Lo primero que tendríamos que proponernos es terminar con las lacras de esta sociedad, la pobreza no es solo material, es una forma de acostumbrarse a sucumbir, a someterse, a acostumbrarse a ser pobres e indigentes, hasta llegar a los peores niveles. Tendríamos que erradicar esa resignación, de los de arriba, los del medio y sobre todo de los de abajo y más abajo.
Hoy vivimos en el mundo exactamente al revés, el de la escalera más empinada y angosta para subir y abajo, que los demás se jodan. Y esa escalera está en nuestras cabezas, es allí donde se ha construido, en nuestras ideas. Incluso la izquierda, piensa y actúa, sobre esa base, se ha "modernizado" y se ha vuelto pragmática.
Los medios de producción, las relaciones de producción, las fuerzas productivas, la acumulación capitalista, la crítica a la economía política, la teoría del valor - como ven me sé recitar todo el rosario -, pero en un mundo que revienta de riqueza también explota de miseria y pobreza, y todo tiene su explicación y a esa explicación hemos contribuido también nosotros.

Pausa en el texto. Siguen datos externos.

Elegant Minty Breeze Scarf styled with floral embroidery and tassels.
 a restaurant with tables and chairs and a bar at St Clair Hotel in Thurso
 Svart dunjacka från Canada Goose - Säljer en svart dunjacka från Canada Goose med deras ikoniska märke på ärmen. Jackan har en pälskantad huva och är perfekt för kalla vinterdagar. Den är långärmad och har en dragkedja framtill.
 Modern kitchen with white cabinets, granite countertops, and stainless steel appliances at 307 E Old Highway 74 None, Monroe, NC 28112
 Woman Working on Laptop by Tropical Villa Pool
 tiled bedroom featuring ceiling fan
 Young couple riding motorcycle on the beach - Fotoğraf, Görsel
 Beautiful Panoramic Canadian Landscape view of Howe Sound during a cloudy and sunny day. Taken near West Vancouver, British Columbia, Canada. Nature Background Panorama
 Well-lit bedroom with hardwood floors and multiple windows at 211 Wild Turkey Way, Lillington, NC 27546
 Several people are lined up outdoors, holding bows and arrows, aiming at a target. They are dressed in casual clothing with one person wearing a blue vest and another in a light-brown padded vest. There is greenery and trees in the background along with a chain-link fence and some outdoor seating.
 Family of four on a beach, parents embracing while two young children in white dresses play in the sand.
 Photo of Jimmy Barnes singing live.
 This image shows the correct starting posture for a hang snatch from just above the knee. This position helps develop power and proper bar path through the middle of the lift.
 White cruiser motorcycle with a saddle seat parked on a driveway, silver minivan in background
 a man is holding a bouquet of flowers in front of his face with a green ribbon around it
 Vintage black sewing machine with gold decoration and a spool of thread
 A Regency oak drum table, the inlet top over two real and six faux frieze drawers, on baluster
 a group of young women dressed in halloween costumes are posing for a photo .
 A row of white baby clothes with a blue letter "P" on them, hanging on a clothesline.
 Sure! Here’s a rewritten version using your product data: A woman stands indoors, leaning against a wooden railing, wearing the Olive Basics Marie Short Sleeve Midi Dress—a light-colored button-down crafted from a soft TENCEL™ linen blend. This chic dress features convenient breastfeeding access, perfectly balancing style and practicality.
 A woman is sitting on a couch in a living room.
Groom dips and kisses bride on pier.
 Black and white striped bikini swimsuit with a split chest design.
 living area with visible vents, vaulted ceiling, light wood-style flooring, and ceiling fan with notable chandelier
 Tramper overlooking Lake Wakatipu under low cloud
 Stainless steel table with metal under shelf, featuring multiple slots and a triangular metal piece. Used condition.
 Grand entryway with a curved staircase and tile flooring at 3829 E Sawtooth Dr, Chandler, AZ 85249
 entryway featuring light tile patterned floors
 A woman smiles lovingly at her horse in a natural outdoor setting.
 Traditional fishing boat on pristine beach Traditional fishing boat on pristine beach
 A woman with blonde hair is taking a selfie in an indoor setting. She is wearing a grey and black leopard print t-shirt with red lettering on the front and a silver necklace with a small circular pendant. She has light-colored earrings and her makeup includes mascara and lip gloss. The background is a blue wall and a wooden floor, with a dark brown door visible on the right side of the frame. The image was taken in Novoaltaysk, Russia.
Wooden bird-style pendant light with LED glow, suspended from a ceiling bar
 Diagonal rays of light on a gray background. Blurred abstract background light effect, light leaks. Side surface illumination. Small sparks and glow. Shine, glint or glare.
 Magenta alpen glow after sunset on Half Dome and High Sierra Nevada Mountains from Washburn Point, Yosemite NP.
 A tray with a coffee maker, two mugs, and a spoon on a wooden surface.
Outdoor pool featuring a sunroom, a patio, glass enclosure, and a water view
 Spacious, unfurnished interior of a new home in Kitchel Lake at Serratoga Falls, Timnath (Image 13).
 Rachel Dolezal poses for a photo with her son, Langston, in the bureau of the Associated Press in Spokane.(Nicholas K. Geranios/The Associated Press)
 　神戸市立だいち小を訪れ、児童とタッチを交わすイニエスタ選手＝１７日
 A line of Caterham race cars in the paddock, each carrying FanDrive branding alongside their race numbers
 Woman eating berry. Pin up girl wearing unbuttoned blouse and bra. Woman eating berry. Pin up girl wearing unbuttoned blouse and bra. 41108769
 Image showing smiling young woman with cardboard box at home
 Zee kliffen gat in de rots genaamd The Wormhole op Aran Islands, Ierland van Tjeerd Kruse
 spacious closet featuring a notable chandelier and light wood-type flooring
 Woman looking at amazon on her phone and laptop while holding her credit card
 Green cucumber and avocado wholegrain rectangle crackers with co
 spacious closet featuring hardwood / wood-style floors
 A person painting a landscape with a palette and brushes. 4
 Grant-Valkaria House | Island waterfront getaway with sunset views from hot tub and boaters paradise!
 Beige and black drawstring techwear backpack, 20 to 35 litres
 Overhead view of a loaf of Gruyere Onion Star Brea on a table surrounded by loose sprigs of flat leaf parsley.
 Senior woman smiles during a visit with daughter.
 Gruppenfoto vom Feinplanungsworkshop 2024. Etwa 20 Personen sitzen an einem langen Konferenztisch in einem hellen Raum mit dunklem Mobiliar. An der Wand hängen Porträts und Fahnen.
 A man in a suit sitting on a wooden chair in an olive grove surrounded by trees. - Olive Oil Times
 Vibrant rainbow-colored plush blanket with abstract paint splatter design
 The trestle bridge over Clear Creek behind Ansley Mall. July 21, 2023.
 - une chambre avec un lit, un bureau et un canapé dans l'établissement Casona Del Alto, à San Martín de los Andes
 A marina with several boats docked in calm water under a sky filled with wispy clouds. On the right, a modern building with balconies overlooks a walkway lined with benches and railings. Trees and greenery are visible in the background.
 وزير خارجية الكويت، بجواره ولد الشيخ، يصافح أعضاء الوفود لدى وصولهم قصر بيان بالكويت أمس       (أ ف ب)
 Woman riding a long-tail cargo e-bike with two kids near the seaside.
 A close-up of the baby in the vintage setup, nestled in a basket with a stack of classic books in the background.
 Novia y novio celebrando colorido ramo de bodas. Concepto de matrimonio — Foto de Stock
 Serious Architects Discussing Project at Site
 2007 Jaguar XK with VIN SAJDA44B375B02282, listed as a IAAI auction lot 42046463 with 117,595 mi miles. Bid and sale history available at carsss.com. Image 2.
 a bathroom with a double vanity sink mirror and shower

Llenamos el planeta de organismos, de institutos, de instituciones, de siglas, de funcionarios piramidales, de bibliotecas enteras de estudios, análisis, estadísticas, teorías y contra teorías y recontrateorías pero la tendencia a matarnos, a matar a los otros y a convivir ya casi sin asombro y piedad ante tanta miseria, tanta hambre, tanta ignorancia, tanta estupidez humana, sigue inconmovible. Hasta tenemos paradigmas de esa escalerilla angosta y miserable que proclaman que ese es el único camino para el progreso y para vivir sobre la Tierra, con algunos grados más de calor que nos derriten los hielos y el futuro.
Les conté una parte oculta de mi existencia y de estas ideas sin sustento, un poco o totalmente líricas y románticas solo para sacarme las ganas. No es poco, porque todos los días me entero de que alguno de mis viejos compañeros ya no está, es la lira o el infierno que nos acecha y yo tengo este raro privilegio de compartir el camino que todos inexorablemente recorremos, con ustedes, mis lectores. Gracias.